### Collection Series and parallel circuits

## Series and parallel circuits

Lesson for 16-19

Here, simple ideas about electricity are applied to circuits that have real applications. We begin by considering the effective resistance when components are connected in series and in parallel. The link between voltage and energy transfers leads to ideas about energy and power. Conservation laws (charge and energy) lead directly to Kirchhoff's laws and these in turn provide a method for solving a large range of circuit problems, including potential dividers.

## Episode 113: Preparation for series and parallel circuits topic

Teaching Guidance for 16-19

- Level Advanced

A joulemeter will be useful when discussing energy and power in electric circuits. It is worth practising with it before using it in any demonstration.

Find a selection of ready-made potential dividers (also known as potentiometers). Look for the three connections, characteristic of a potential divider. Take the back off a rotary potentiometer to see the resistive material, and the wiper.

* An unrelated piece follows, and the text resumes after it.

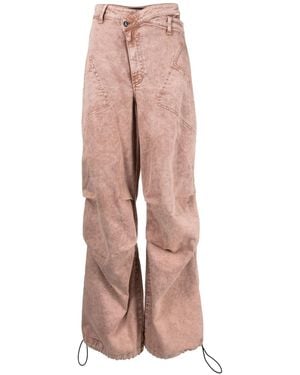 ANDREADAMO Asymmetric-Waistband Wide-Leg Jeans - Pink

#### Main aims of this topic

Students will:

- calculate resistances of series and parallel combinations of resistors
- investigate the power of a filament lamp
- use energy and power equations, including calculations of cost
- test and use Kirchhoff's laws
- use potential dividers to control potential difference and to build a sensor

#### Prior knowledge

By this stage, students should be able to distinguish between charge, current and voltage; they should understand the definition of resistance, and be competent in handling equations involving these four quantities. However some pupils will probably still be unwittingly harbouring some misconceptions, for example in the area of potential differences in parallel circuits, so be prepared to test, rather than to assume knowledge.

These misconceptions may well become apparent when teaching:

This topic also revisits ideas about energy transfers in electric circuits.

#### Where this leads

Topics remaining in basic electricity include EMF and internal resistance. Then students will be equipped to understand many different circuits, alternating current, etc.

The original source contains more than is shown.